Emily Blunt and Jon Krasinsky together portray a deeply romantic couple, coming together for each other and their children in some of the most horrifying situationss imaginable. Blunt’s performance, on reflection, is my favorite in the film: her tender love for Krasinsky and their children adds such humanity to this apocalyptic world, as does her indomitable determination and resiliency, which is ever haunted by loss and the fear of further loss.
The kids are great too, especially eldest child Regan Abbots, played by Millicent Simmonds; one of the few deaf actors I’ve seen in a movie. Her performance feels refreshingly honest, real, in her conflict over her past actions, and her strained relationship with her father. It’s a joy, as someone who attends a college with a major deaf population, to see a deaf character, portrayed by a deaf actor, being so expressive through face, gesture, and natively-fluent ASL. I also loved seeing cochlear implants (functional, broken, or somewhere inbetween …) being a major artifact of her character, and of the film’s plot.
The most memorable Horror and Thriller movies use their soundtracks to enhance the danger their characters face, build the viewer’s suspense, and act as an auditory embodiment of the visual terror on screen. Think of the ominously escalating Jaws theme, or the screeching, manic violins of Psycho, or the heart-pounding theme of serial killer Michael Myers.
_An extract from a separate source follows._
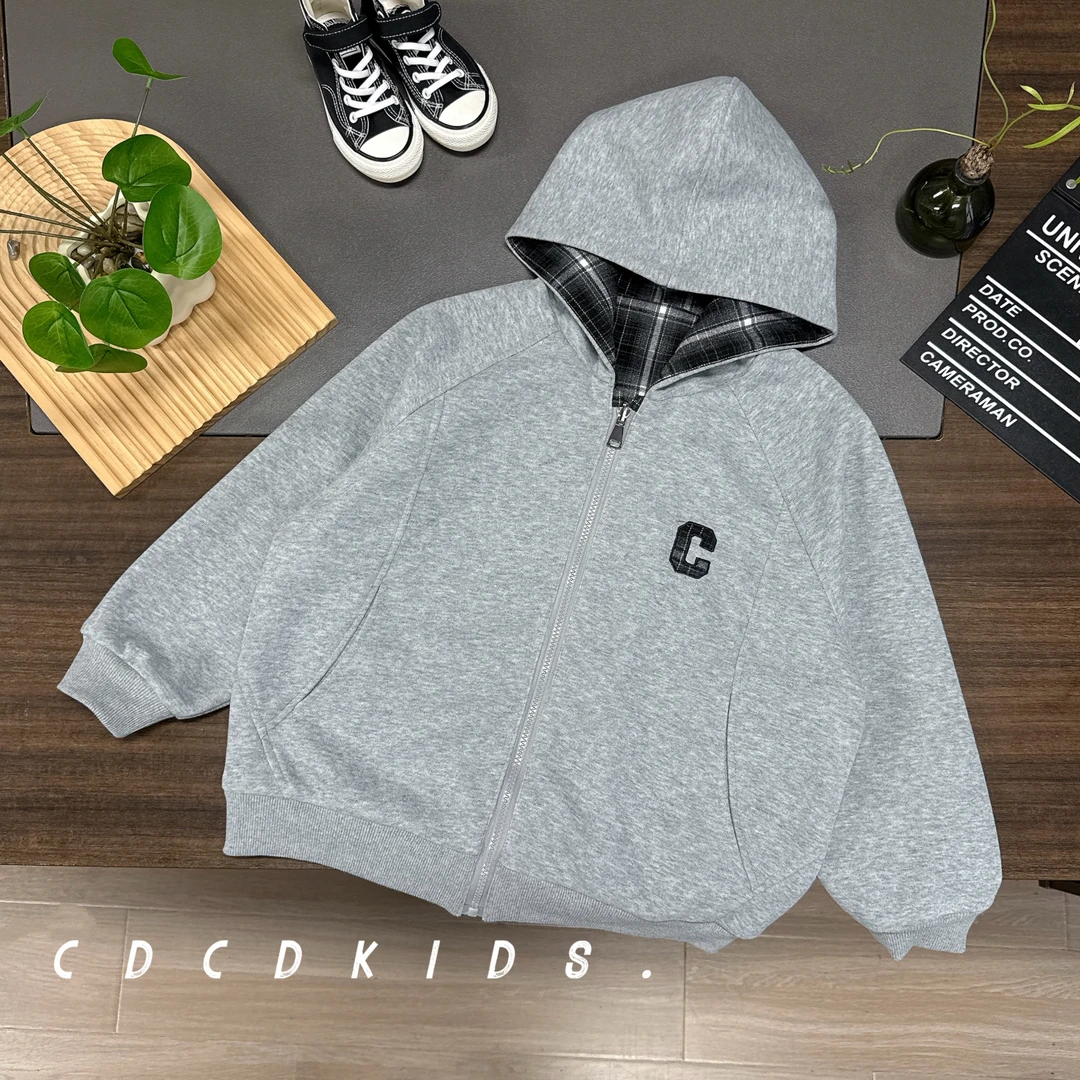 川度25374儿童外套秋装两面穿百搭韩版格子男女童装刺绣连帽上衣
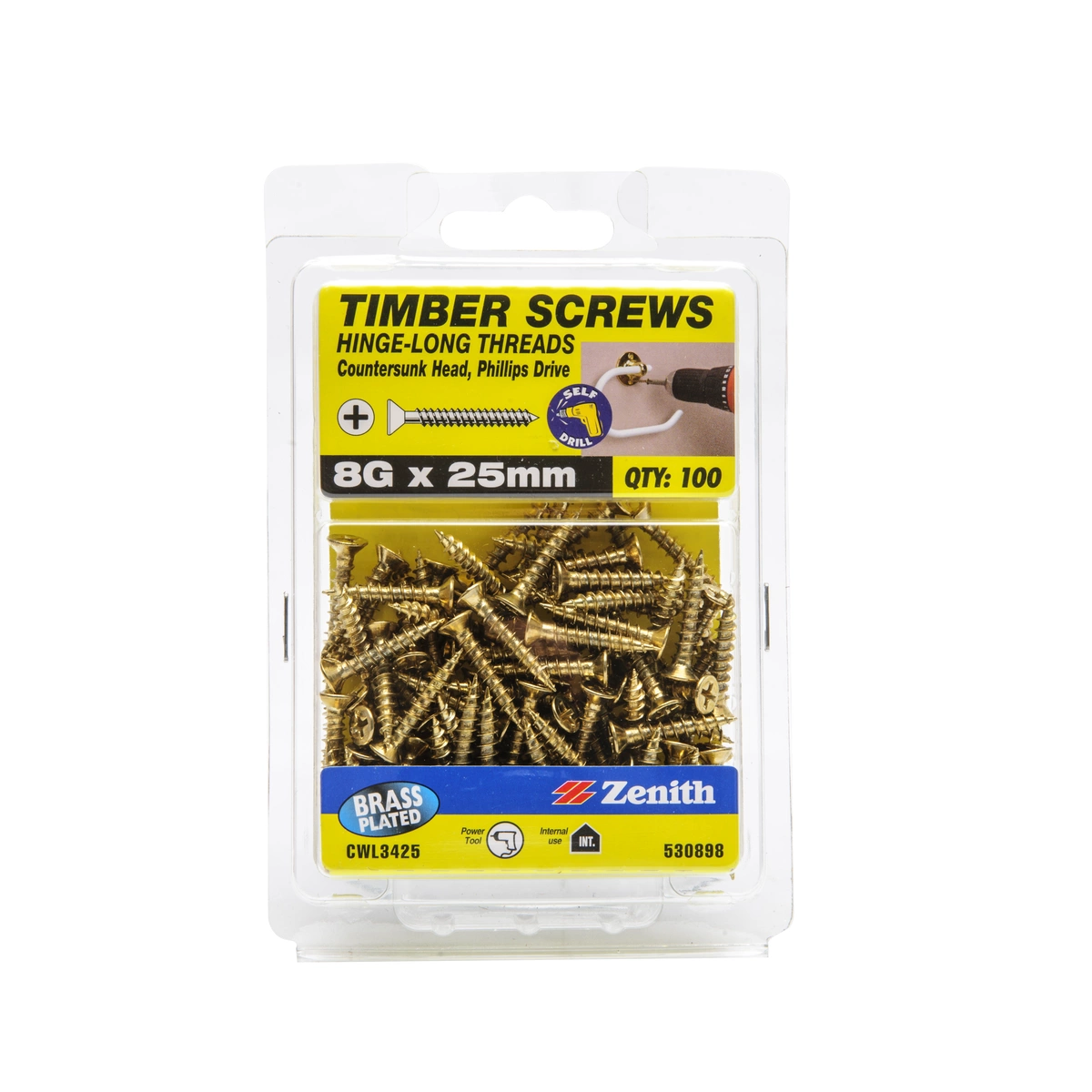 ZENITH® 8G x 25mm Brass Plated Timber Screws – 100 Pack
In A Quiet Place, the soundtrack emphatically does more by doing, and being less. Krasinsky uses silence the way Spielberg or Hitchcock use music. Knowing the “rules” of the movie’s monsters, we as the audience share the characters’ tip-toeing, anxiety-inducing exploration of abandoned drug stores and woodland paths. The movie quickly trains us to dread any sudden sound rising above a soft rustle. There is background noise, of course: the wind blows through the leaves and the crops, woodland critters occasionally skitter here and there, rivers run somewhere in the distance.
But the Silence is the defining force of the film’s world, brutally enforced by the dreaad-creatures the characters scarcely understand the origin of, much less can identify an exploitable weakness in. Silence is the characters’ open air prison. Silence is the final fate of a world depopulated of human civilization in less than a single year.
Whenever the Silence stops, we as the audience freeze, perk up our ears, and grip our seats, wondering how, or if, our admirable survivors will get out of this one.
There is music, don’t worry. It’s simple, and it creeps in, here and there, complementing some of the genuinely pretty rural scenes, and pumping up the intensity of scenes when the Death Angels lurk. But music is always the junior partner to the silence in A Quiet Place, and that junior role is where it plays best.